The developer’s application requests a zoning text amendment for “spot zoning,” which is illegal, benefiting the developer alone.
The community is vehemently opposed to the eight-story hotel in this location.
The hotel project could be shifted to a site around the corner at 403 Lafayette, which the developer already owns!
When the time came to restore the parlors of the Merchant’s House in 1977, the head of the restoration turned to one of the most prominent architects of the period, Edward Vason Jones, who was so impressed with the beauty and the importance of the house that he offered his services free of charge.
Jones’ works include the first restoration of the Department of State Diplomatic Reception Rooms and renovations to rooms of the White House under the administrations of Nixon, Ford, and Carter. One of the receptions rooms was named “The Edgar Vason Jones Memorial Hall” in his honor.
To restore the parlor plaster, Jones brought on a team of the country’s finest craftsmen who had worked with him at the White House. David Flaharty, the sculptor and ornamental plasterer who would bring the dramatic ornamental plaster back to its original beauty says that the matching ceiling medallions are “unquestionably among the finest such designs to survive.” In his opinion they are superior to any composed during the American Classical Revival.

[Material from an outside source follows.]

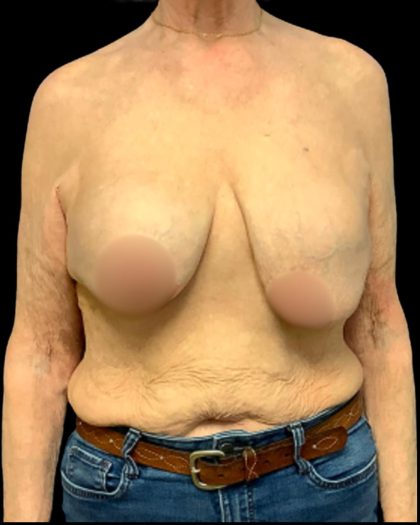Implant Exchange Before & After Patient #7036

Still in Place after 186 years!
A little over five feet in diameter, they are larger than most ceiling medallions found in Greek Revival homes. In addition, rather than being flat, as such medallions usually are, their centers of alternating foliate acanthus leaf clusters are recessed into the ceiling. This characteristic creates depth and adds interest, but along with the large size of the medallion, requires an extremely elaborate system of framing and lathing of the central ceiling joists. That these heavy medallions are still in place after 186 years is a testimony to the skill of the original builder. That it is impossible to detect which missing elements were replaced by the restorer is a testimony to the skill of the expert Jones hired to do the work.